_Work item_
When copying the records below, omit any image and print everything else exactly.

Start of Materials provided

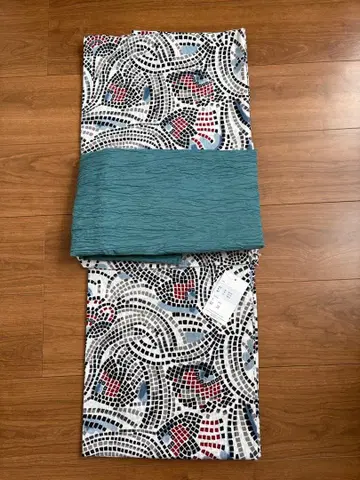 새상품 니코 앤티크 유카타 헤코 오비 2점 세트 튤립 모자이크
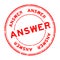 Grunge red answer word round rubber stamp on white background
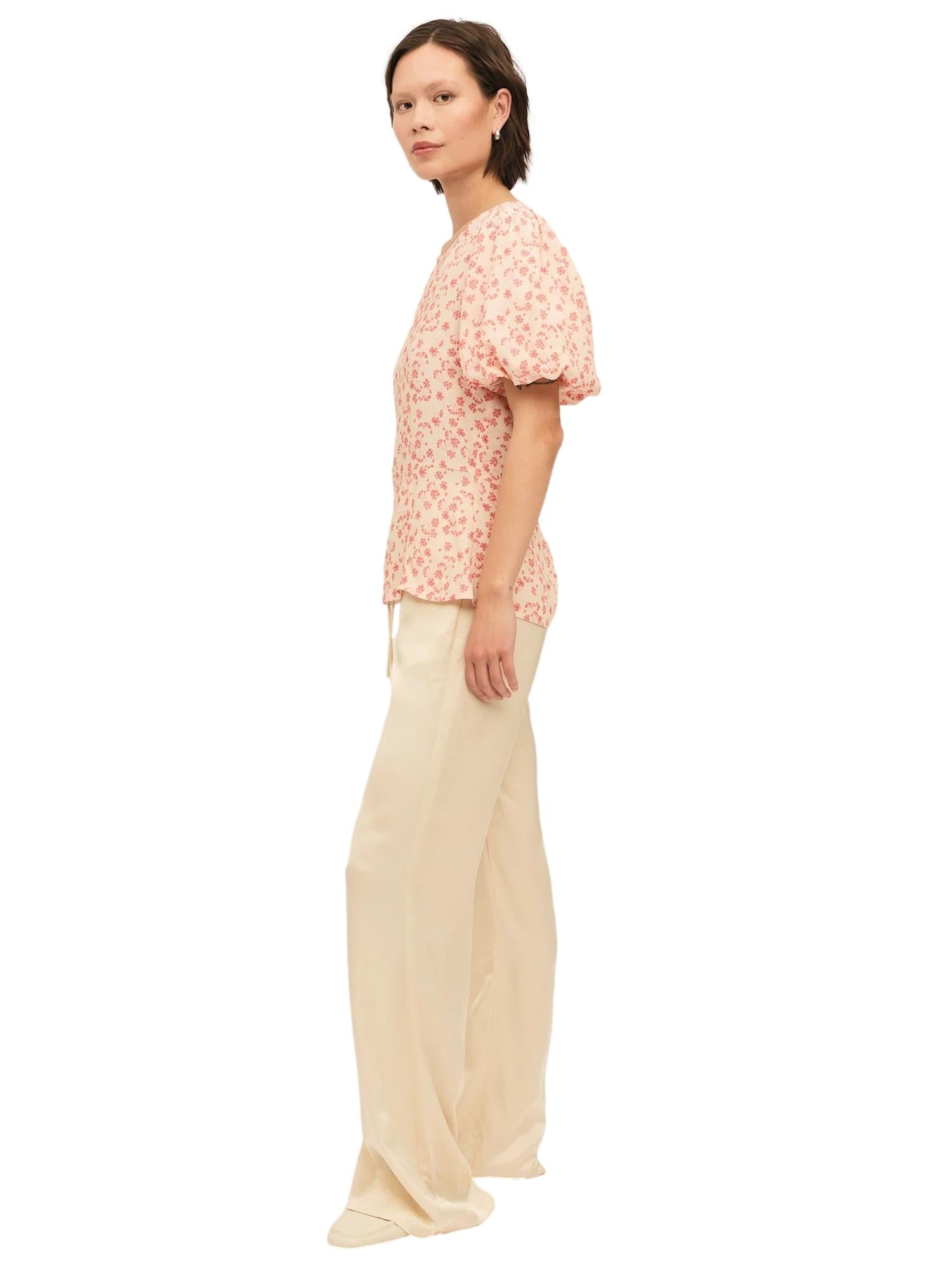 Once Untold Athilda Blouse Topp Beige Og Rosa - modostore.no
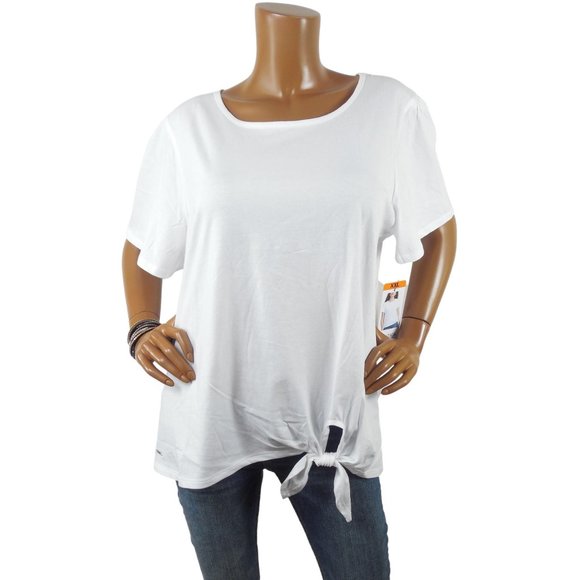 Nautica Tops - NAUTICA Top 2X New Shirt Side Tie Hem Logo 100% Cotton Blouse Casual White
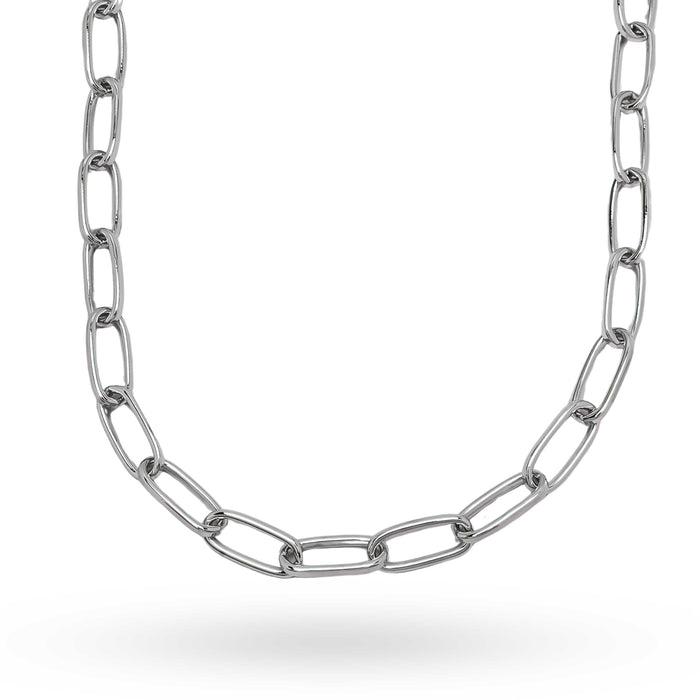 Silver Plated Thick Paperclip Link Necklace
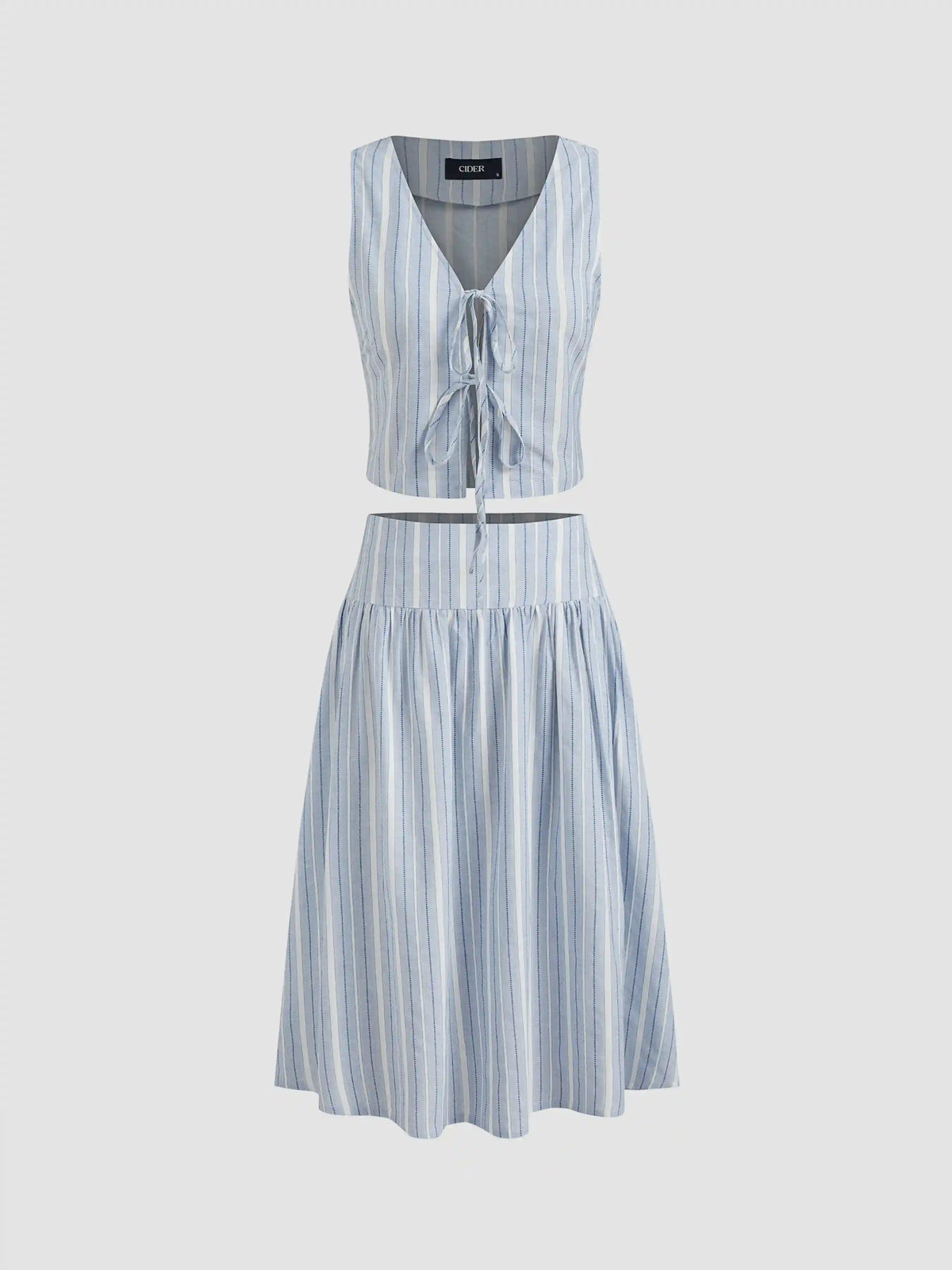 Cotton-blend V-neck Striped Tie Front Crop Vest & Mid Rise Striped Ruffle Midi Skirt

End of Materials provided

_Response to this exercise_
 새상품 니코 앤티크 유카타 헤코 오비 2점 세트 튤립 모자이크
 Grunge red answer word round rubber stamp on white background
 Once Untold Athilda Blouse Topp Beige Og Rosa - modostore.no
 Nautica Tops - NAUTICA Top 2X New Shirt Side Tie Hem Logo 100% Cotton Blouse Casual White
 Silver Plated Thick Paperclip Link Necklace
 Cotton-blend V-neck Striped Tie Front Crop Vest & Mid Rise Striped Ruffle Midi Skirt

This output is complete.